Искалеченный, но мощный гений Мирабо давался ему с большим трудом в оценке; возможно, он так никогда и не оценил его по достоинству. Он естественным образом презирал человека столь падкого до разврата, который, будучи одним из главных подстрекателей революции, теперь стал субсидируемым союзником двора. Он считал его «одним из самых беспринципных негодяев, когда-либо живших на свете», хотя и обладавшим «выдающимися талантами» и «настолько распутным, что он опозорил бы любую администрацию», к тому же обладавним столь мизерными принципами, что доверять ему было небезопасно. После его смерти он подводит ему такой итог: «Пороки — как унизительные, так и отвратительные — отмечали это необычайное существо.
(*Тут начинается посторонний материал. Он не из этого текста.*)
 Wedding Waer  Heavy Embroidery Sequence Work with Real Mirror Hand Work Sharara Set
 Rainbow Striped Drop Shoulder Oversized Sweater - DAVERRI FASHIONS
Совершенно продажный, он жертвовал всем ради прихоти момента; — cupidus alieni prodigus sui; продажный, бесстыдный; и в то же время величественно добродетельный, когда его подталкивал преобладающий импульс, но никогда по-настоящему добродетельный, ибо никогда не находившийся под твердым контролем разума или прочной властью принципов. Я видел этого человека, которого в течение короткого двухлетнего срока то предали остракизму, то чествовали, то ненавидели, то оплакивали. Энтузиазм представил его гигантским в эту минуту. Время и размышления уменьшат этот рост». Даже если признать это абсолютно верным, как оно несомненно и есть в главном, тем не менее фактом оставалось то, что лишь в Мирабо заключалась малейшая надежда на спасение для французской нации; и Моррис ошибался, упорно возражая против вступления Лафайета в министерство вместе с ним. Действительно, в данном случае он, кажется, ослеплен предрассудками и поступал крайне несообразно; ибо его совет и причины, которые он приводил в его обоснование, полностью противоречили правилам, которые он сам изложил Лафайету с еще большим цинизмом, чем здравым смыслом, когда последний однажды высказал возражения против некоторых из предполагаемых соратников: «Я заявляю ему... что, касательно возражений, которые он сделал по части морали некоторых из них, он должен учитывать, что люди идут в администрацию не как по прямой дороге на небеса; что ими движет честолюбие или алчность, а потому единственный способ обеспечить привлечение самых добродетельных — это сделать так, чтобы им было выгодно поступать правильно».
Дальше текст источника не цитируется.